TUI wijst er vooraf op dat het van belang is dat een werkgever zijn onderneming zo moet kunnen inrichten dat het voortbestaan daarvan ook op langere termijn verzekerd is. De functie van [werknemer] betreft een voltijds functie, met verschillende deeltaken. Als die deeltaken elders (kunnen) worden belegd, komt daarmee de volledige functie te vervallen. TUI meent dat het UWV in haar beslissing ten onrechte is uitgegaan van de veronderstelling dat er (bij ontslag wegens bedrijfseconomische redenen) een bedrijfseconomisch probleem moet zijn dat moet worden opgelost door het laten vervallen van een arbeidsplaats. Van belang is in dit geval dat [werknemer] arbeidsongeschikt was in het jaar voorafgaand aan de mededeling dat zijn functie zou komen te vervallen. Die feitelijke afwezigheid heeft duidelijk gemaakt dat de door TUI gehanteerde werkwijze met twee rapportagelijnen voor de typische Finance-functies, namelijk via de afdeling Finance en via de afdeling Accounting, niet nodig was. Daarmee is de rol van [werknemer] als [functie] overbodig geworden. Kort gezegd heeft TUI geconcludeerd dat het hanteren van twee afzonderlijke verantwoordingslijnen leidt tot misverstanden en inefficiënties in het dagelijkse werk en de verschillende werkzaamheden. Per 1 januari 2020 heeft TUI daarom de verantwoordelijkheid voor alle Finance-functies gecentraliseerd. Er is slechts één rapportagelijn, namelijk aan de Director Finance TUI NL. Deze integratie en bundeling van verantwoordelijkheden heeft de uitwisseling van financiële informatie in de organisatie verbeterd.
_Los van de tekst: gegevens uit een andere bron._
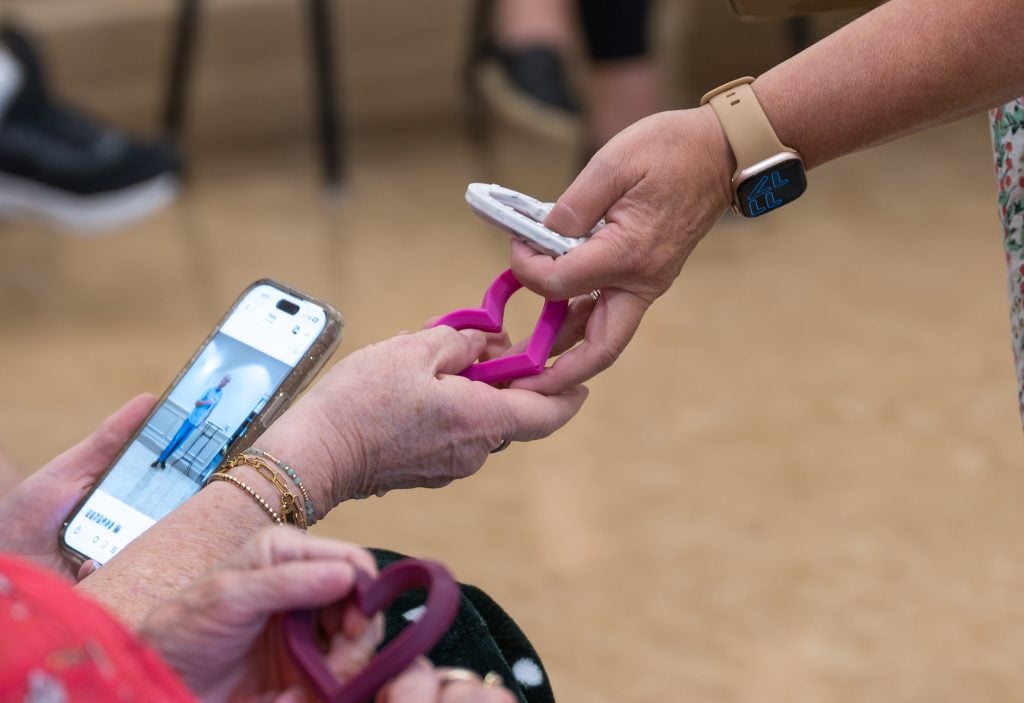 A member of the Sunny Day Club staff hands a plastic heart to a member after a devotional.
TUI heeft daarmee ook een kostenbesparing gerealiseerd, die de onderneming ten goede komt. Dit draagt verder bij tot een doelmatige bedrijfsvoering en deze wijziging van bedrijfsvoering met het verval van de functie van [werknemer] valt binnen de beleidsvrijheid van de ondernemer.
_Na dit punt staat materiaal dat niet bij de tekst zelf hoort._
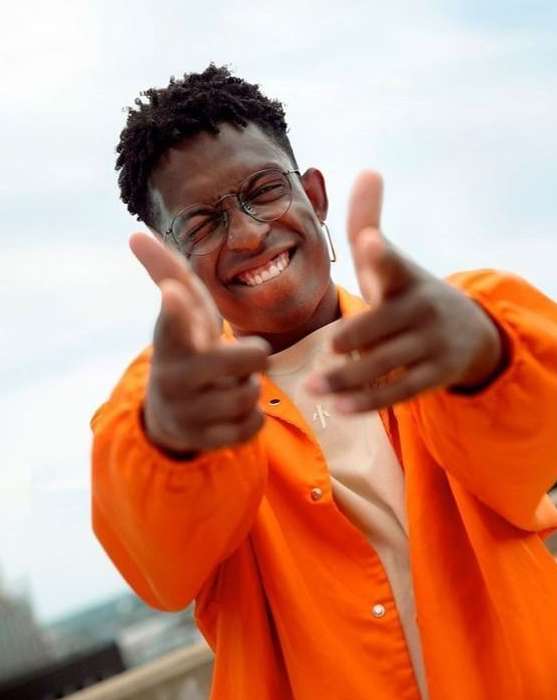 Smiling adult man poses with hand gestures wearing an orange jacket and glasses against an outdoor urban setting with a partly cloudy sky.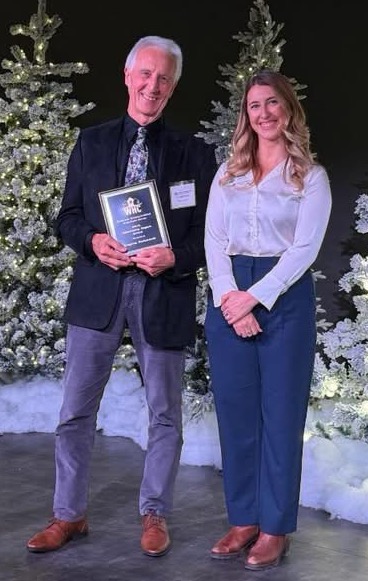 Gerald Duffy accepting the 2025 Community Impact Award from Emmy Ham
Ook ten aanzien van de D&I-werkzaamheden is het UWV ten onrechte van de gedachte uitgegaan dat er eerst sprake moet zijn van een bedrijfseconomisch probleem, dat moet worden opgelost door verval van een arbeidsplaats. De door [werknemer] in dit verband uitgevoerde feitelijke werkzaamheden waren echter projectmatig van aard. De aansturing en coördinatie van D&I taken zijn voortaan belegd bij WR IT Projects Management en andere aflopende taken zijn voor zover noodzakelijk belegd bij lokale Finance-afdelingen. Voor zover de D&I taken van [werknemer] zien op het formuleren van beleid, heeft te gelden dat dit zal worden gecentraliseerd op ‘Group niveau’, waardoor ook dit onderdeel van de taken van [werknemer] vervalt.
TUI heeft in de periode januari-april 2020 de op dat moment beschikbare vacatures aan [werknemer] kenbaar gemaakt. TUI heeft herplaatsingsinspanningen verricht, maar kan geen functies creëren die er niet zijn. Voor zover er mogelijkheden waren, zijn deze onderzocht.
Tot slot wijst TUI op het feit dat het besluit tot het laten vervallen van de functie van [werknemer] weliswaar al in oktober 2019 is genomen, maar dat dit niet wegneemt dat TUI als internationale reisorganisatie vanwege de daarna ingetreden coronacrisis inmiddels is en wordt geconfronteerd met een zeer ernstige terugval in omzet waardoor een nieuwe reorganisatie onvermijdelijk is geworden. In die context kan van TUI redelijkerwijze niet meer worden gevergd de arbeidsovereenkomst te laten voortduren met een medewerker die feitelijk sinds oktober 2018 niet meer werkzaam is geweest binnen de organisatie en voor wie geen andere arbeidsplaats voorhanden is.
Op grond van het voorgaande verzoekt TUI ontbinding van de arbeidsovereenkomst, onder toekenning van de in dat kader aan [werknemer] verschuldigde transitievergoeding, berekend op € 64.393,83.